Kafka Performance Tuning: Best Practice for linger.ms and batch.size

On March 18, 2025, Apache Kafka 4.0 was officially released. In this version update, compared to upgrades at the architectural level, developers should also pay attention to a key detail change: the official default value of the producer parameter linger.ms has been formally modified from the long-standing 0ms to 5ms.

This adjustment directly addresses a cognitive blind spot in traditional performance tuning; in conventional concepts, linger.ms=0 implies "zero wait" and real-time sending, typically viewed as the primary strategy for reducing latency. However, the default value change in Kafka 4.0 reveals a deeper performance logic: in complex network I/O models, purely pursuing immediacy at the sender end does not equate to global low latency. Introducing a minute "artificial delay" in exchange for higher batching efficiency can often significantly reduce system latency.

Taking the default value change of Kafka 4.0 as an opportunity, this article will provide an in-depth analysis of the synergistic mechanism behind the two core parameters, linger.ms and batch.size . This aims to help you master the principle-based best practices for linger.ms and batch.size when facing complex production environments.

Concept Breakdown: `linger.ms` and `batch.size`

To thoroughly comprehend the underlying logic behind this change, we must first return to fundamentals and accurately understand the concepts of these two core parameters.

linger.ms:

The producer groups together any records that arrive in between request transmissions into a single batched request. This batching behavior typically occurs naturally under high-load scenarios where the record arrival rate exceeds the send rate; however, under moderate load, the client can also actively reduce the number of requests by introducing a small amount of "artificial delay" via the linger.ms configuration. Its behavioral logic is analogous to the Nagle algorithm in the TCP protocol: the producer does not immediately send every arriving record but waits for a specified duration to aggregate more subsequent records. This setting defines the upper time limit for batching. Sending behavior follows the "whichever happens first" principle—once the accumulated data volume for a partition reaches batch.size , the batch is sent immediately, regardless of whether linger.ms has expired; conversely, if the data volume is insufficient, the producer will "linger" for the specified duration to await more records. In Apache Kafka 4.0, the default value of this parameter has been adjusted from 0ms to 5ms. The rationale is that the efficiency gains from larger batches are usually sufficient to offset the introduced wait time, thereby achieving comparable or even lower overall producer latency.

batch.size:

When multiple records need to be sent to the same partition, the producer aggregates these records into batches to reduce the frequency of network requests, thereby optimizing I/O performance between the client and the server. The batch.size parameter defines the default capacity limit (in bytes) for such batches; individual records exceeding this threshold will not be included in the batching logic. A single request sent to a Broker typically contains multiple batches, corresponding to different partitions. Configuring a batch.size that is too small will limit the frequency of batching and may reduce throughput (setting it to 0 will completely disable batching); whereas an excessively large configuration may lead to minor waste of memory resources because the producer always pre-allocates buffers based on this threshold. This setting establishes the spatial upper limit for sending behavior: if the accumulated data volume in the current partition has not reached this threshold, the producer will wait according to the linger.ms setting (default is 5ms); the send trigger logic follows the "Whichever happens first" principle, meaning the batch is sent as soon as the data fills the buffer or the wait time expires. It is important to note that backpressure on the Broker side may cause the actual effective wait time to exceed the configured value.
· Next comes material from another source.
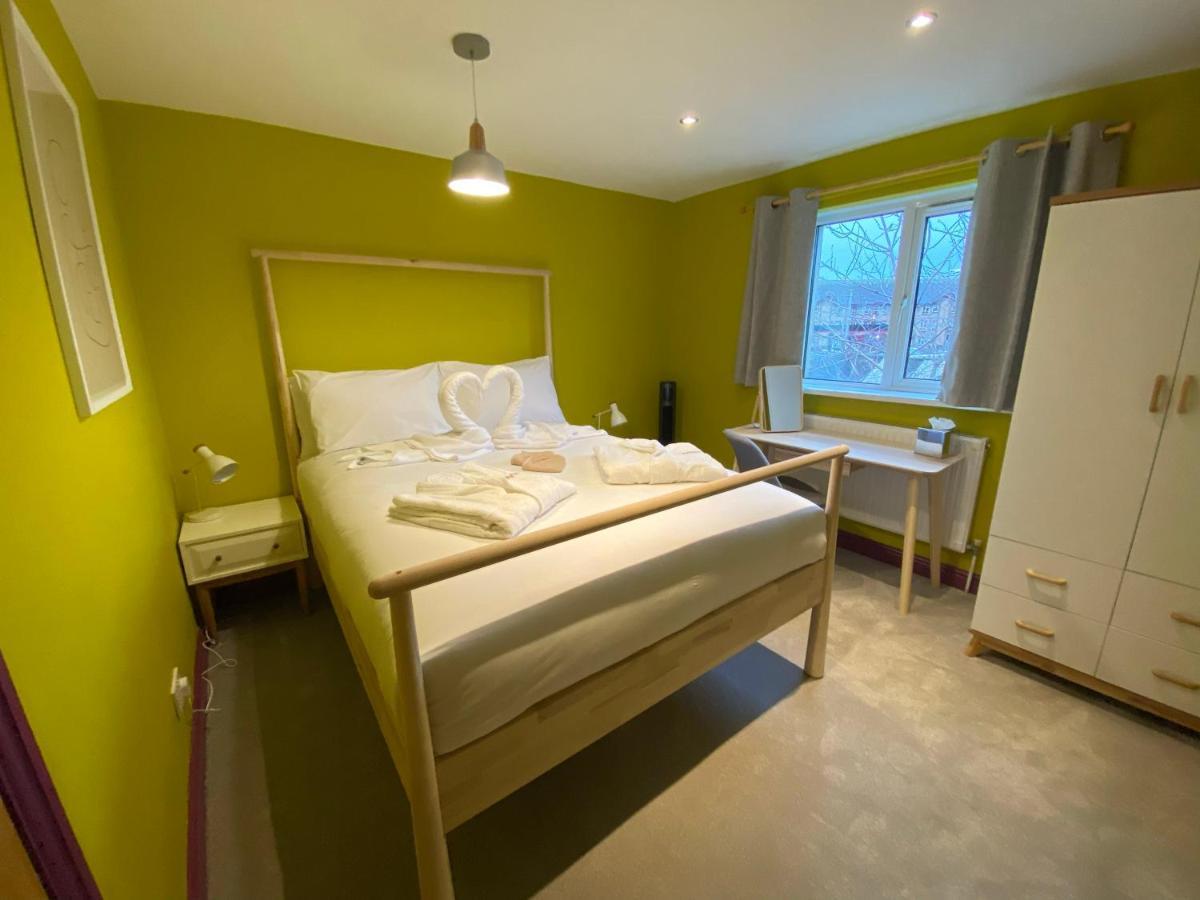 Aaron Wise - 17 Fitzhamon Apartments Cardiff Eksteriør billede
Through the decomposition of these two dimensions, we can clearly observe the synergistic working mode of linger.ms and batch.size :

They jointly determine the size of the RecordBatch (batch) and the timing of the ProduceRequest (request) transmission.
Larger linger.ms and batch.size parameter values -> Better batching effect for RecordBatch and ProduceRequest -> Fewer RPCs for the Kafka server to process -> Lower CPU consumption on the Kafka server.
Side effect: The time spent by the client on batching increases, leading to higher client-side sending latency.

This introduces a critical performance trade-off question:

"Given sufficient server-side CPU resources, should one minimize linger.ms and batch.size as much as possible to pursue ultra-low latency?"

Based on intuitive inference, the answer seems to be affirmative. However, the official Apache Kafka 4.0 documentation points to the contrary conclusion:

"Apache Kafka 4.0 adjusts the default value from 0 to 5. Although this adds artificial wait time, the efficiency gains from larger batches usually result in similar or even lower producer latency."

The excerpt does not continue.